NEWS
in memoriam Marie O’Regan
Marie O’Regan, who made hats for Queen Elizabeth II over several decades, passed away in March 2023 aged 97. During a career spanning over 70 years Marie worked with an array of illustrious designers, milliners and clients. With an in-depth knowledge of her craft as a hat maker and designer, Marie went on to become a revered tutor who inspired and trained a whole new generation of milliners.
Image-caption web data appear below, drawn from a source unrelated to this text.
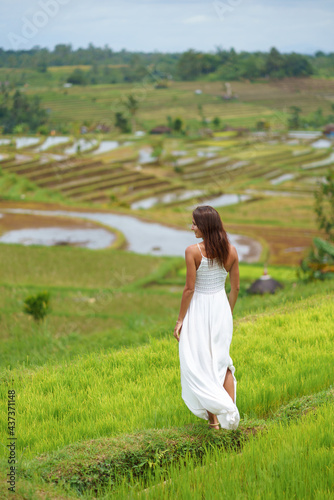 Young woman turning her back posing against the background of rice fields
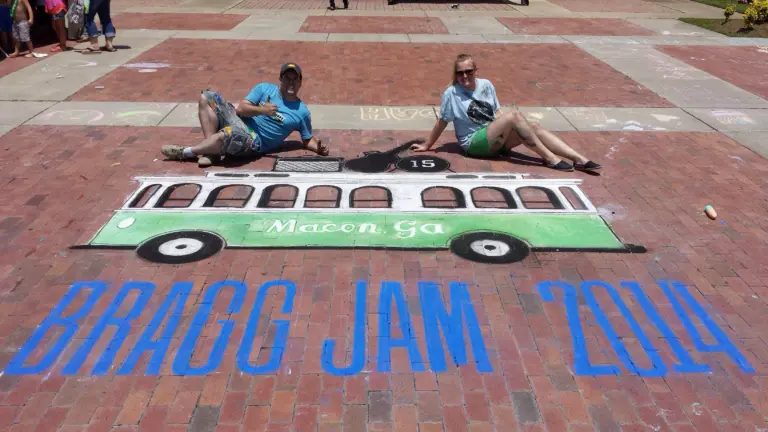Zach and Jessi Queen lie on either side of their chalk drawing of a green Macon trolley above large blue letters reading Bragg Jam 2014.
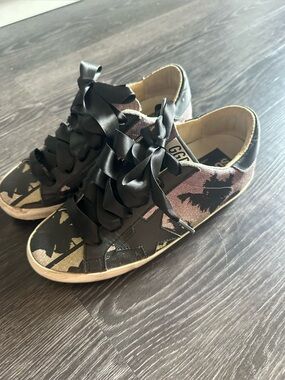 Light purple / green golden goose sneakers.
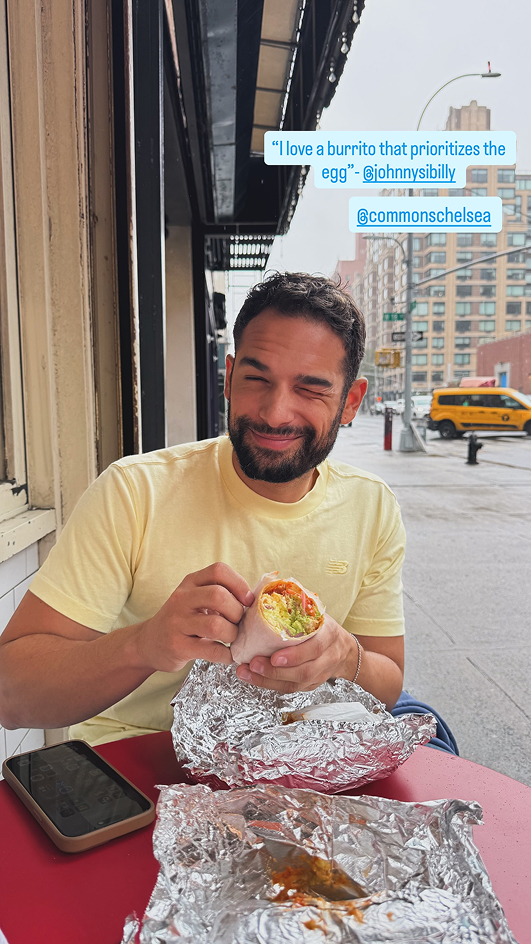 Influencer Ian Paget easting a breakfast burrito from Commons Chelsea sitting at a table outside in Chelsea Manhattan
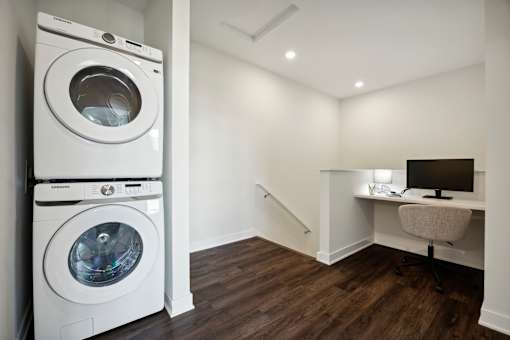 A white washing machine and dryer in a laundry room.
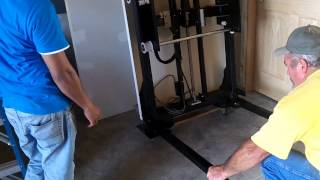 Wheelchair Lift Installation - Setting The Vertical Platform Lift In Place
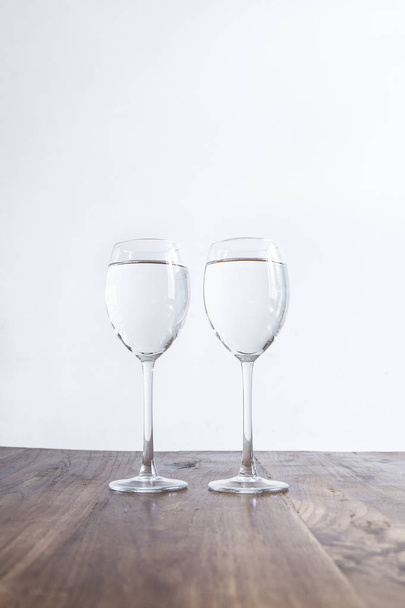 Two wine glasses filled with clear liquid on a wooden table - Photo, image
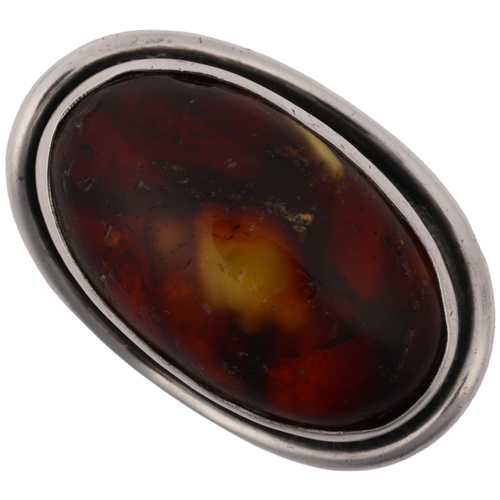 1515 - CARL OVE FRYDENSBERG - a large Danish modernist sterling silver amber dress ring, setting height 32.... 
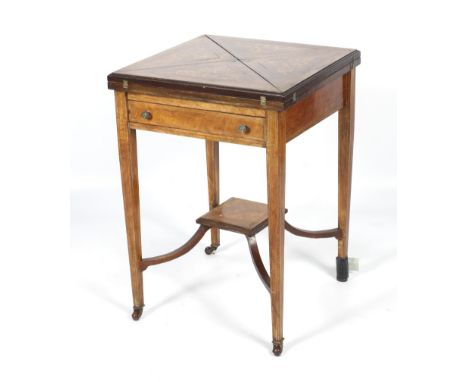 A 19th century rosewood and marquetry envelope games table. The envelope top inlaid with foliage, revealing four wells centre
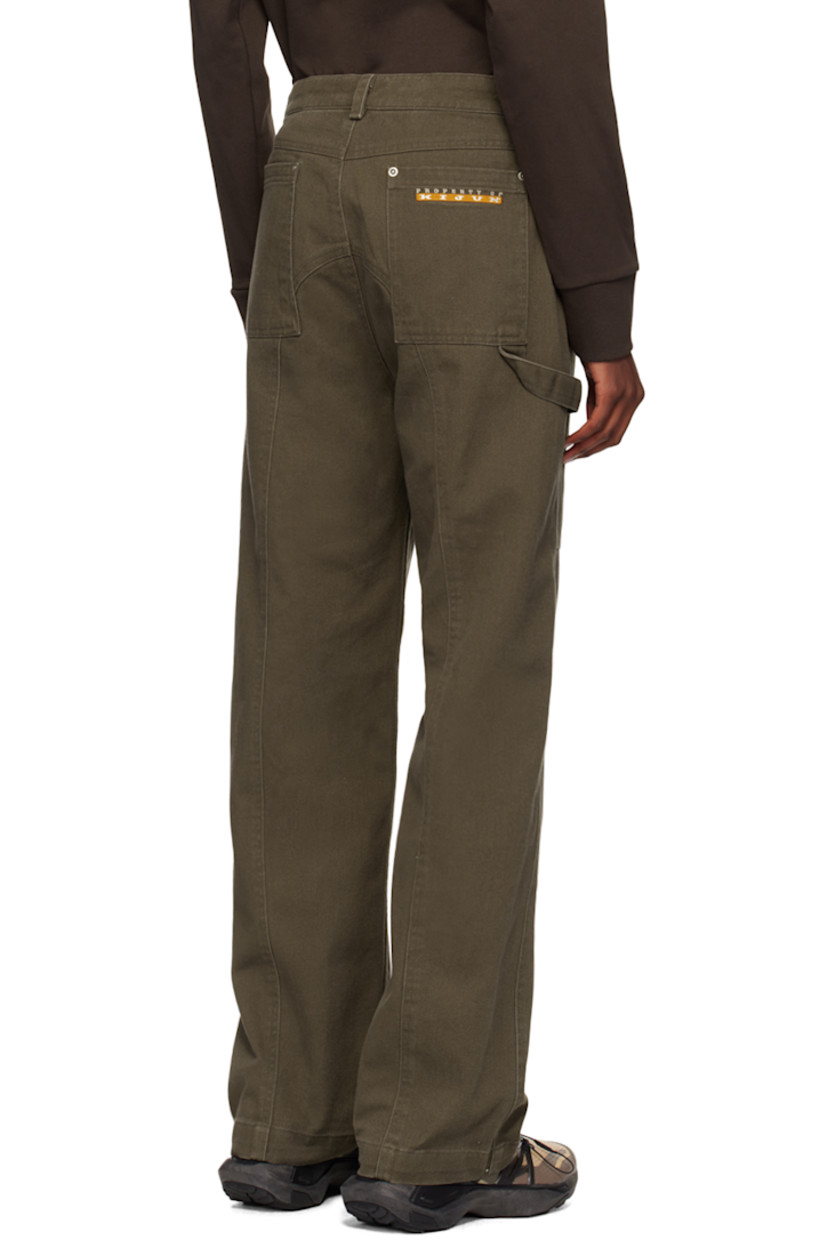 Cotton twill trousers. 

· Paneled construction
· Belt loops
· Four-pocket styling
· Zip-fly
· Embroidered logo patch at outseam
· Hammer loop at outseam
· Logo embroidered at back pocket

Supplier color: Dark brown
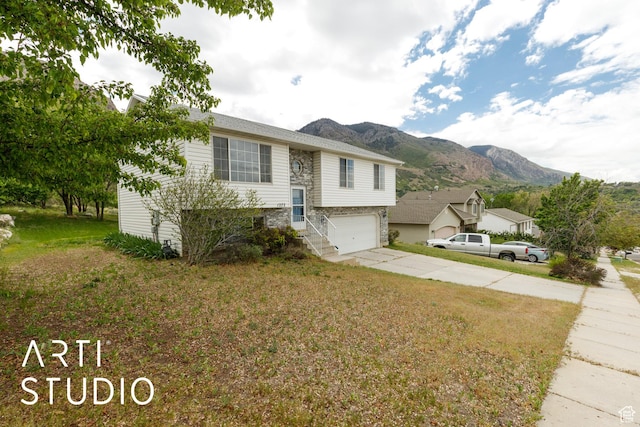 view of front of house featuring a mountain view, concrete driveway, a garage, and a front yard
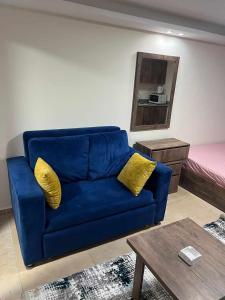 a blue couch with yellow pillows in a living room at Beach for Couples & Family - Hurghada - Free Fast Wi Fi in Hurghada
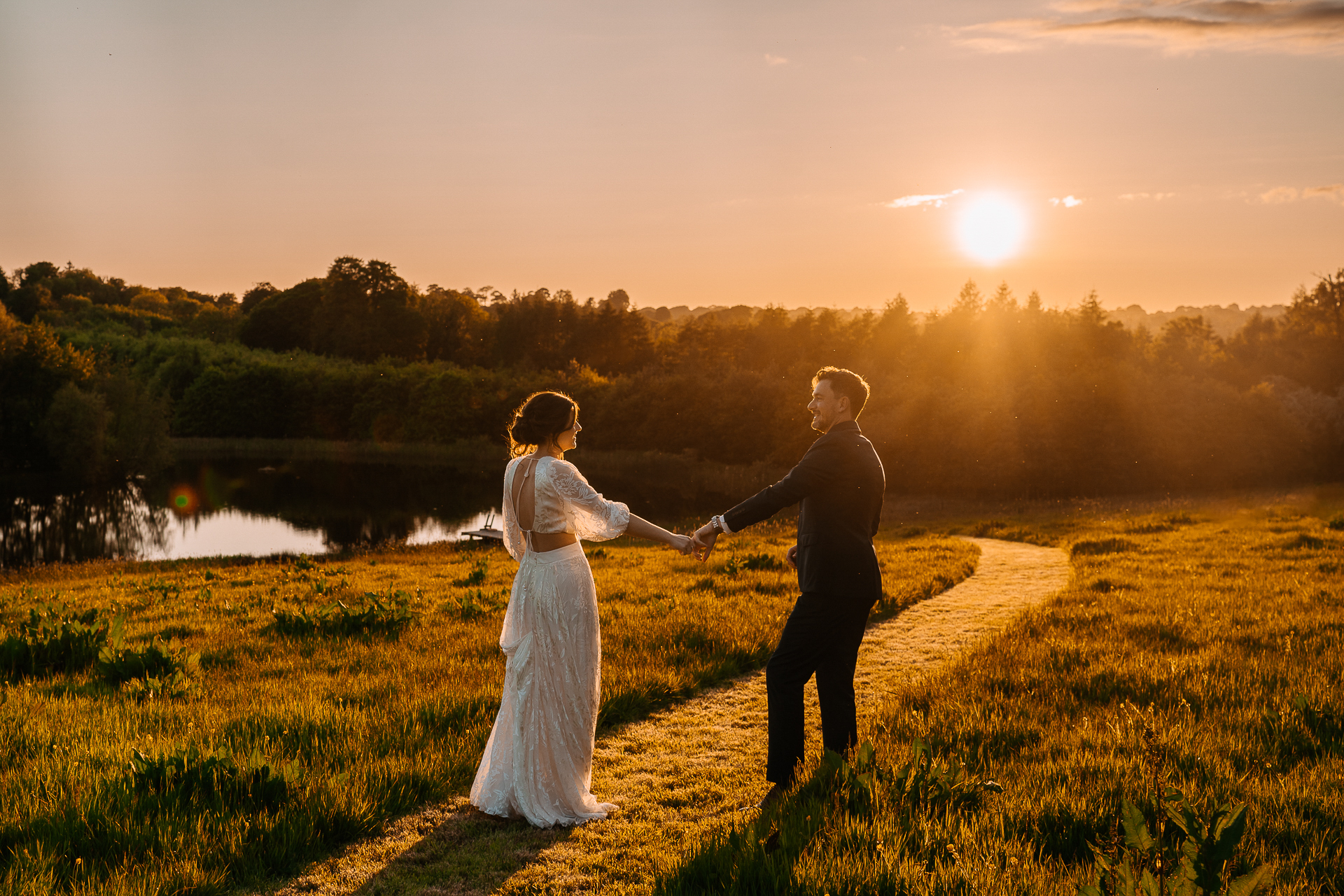 A man and woman holding hands in a field with a body of water in the background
Born in Turkey, Marie grew up in Paris, where she came as a small child after her Armenian family had moved to France as refugees. She had her first taste of millinery after a lesson at school when she went home and impressed her mother by steaming an old hat back into shape over a saucepan. Having left school at 14, and with the onset of world war in 1939, Marie started training as a milliner and earned money by knitting and crocheting. She went on to find employment with a succession of Parisian firms, including Orianne, Legroux Soeurs and Maud Roser, mainly working as a hat copyist. She then went to work for the milliner Gilbert Orcel, where she rose to become a designer. In 1959 Marie moved to England (without then speaking a word of English) to work for millinery entrepreneur Otto Lucas, who was looking for a designer for his hat salon in London. After two years, she left to work for the fashion house Dolores, who were licensed to design and sell hats with the Christian Dior label in the UK. Marie would travel to Paris to see the original Dior collections on the catwalk and pick up the designs which she would then use as a base to make a new hat collection for Dior in London.
8 | the hat magazine #97
Every so often at Dolores, students from fashion colleges would join the team to gain work experience. One day, a student asked if Marie might be interested in teaching at her
college, as she had learnt so much from her in just two weeks. This led on to Marie teaching at the London College of Fashion and later at the Royal College
of Art. As her reputation grew, Marie
was introduced to Ian Thomas, Queen Elizabeth II’’s dress designer, who was looking
for a hat designer. At this time, she was a part- time teacher while also working as a freelance designer for Frederick Fox and did not really need more work. However, she took the opportunity of making hats for the sovereign and began working closely with Ian Thomas. When he passed away, Marie continued making hats for the Queen for a few more years and received a royal warrant in 2005. Marie started giving private lessons in 1999
after some of her workroom technique articles were published in the first editions of The Hat Magazine. She continued to give millinery lessons at her home in London up until a year before she died, as she believed it was so important to share knowledge and to keep pushing oneself. Her high standards were greatly appreciated by
the milliners who she taught. Edwina Ibbotson, one of Marie’s former college students, remarked: “Marie was very strict with your stitches and made you redo things until it was exactly right. The vast coverage of millinery techniques she could teach was incredible, and second to none.” Marie’s work as a maker, designer and educator leaves a legacy that will continue to stimulate, inspire and inform generations to come.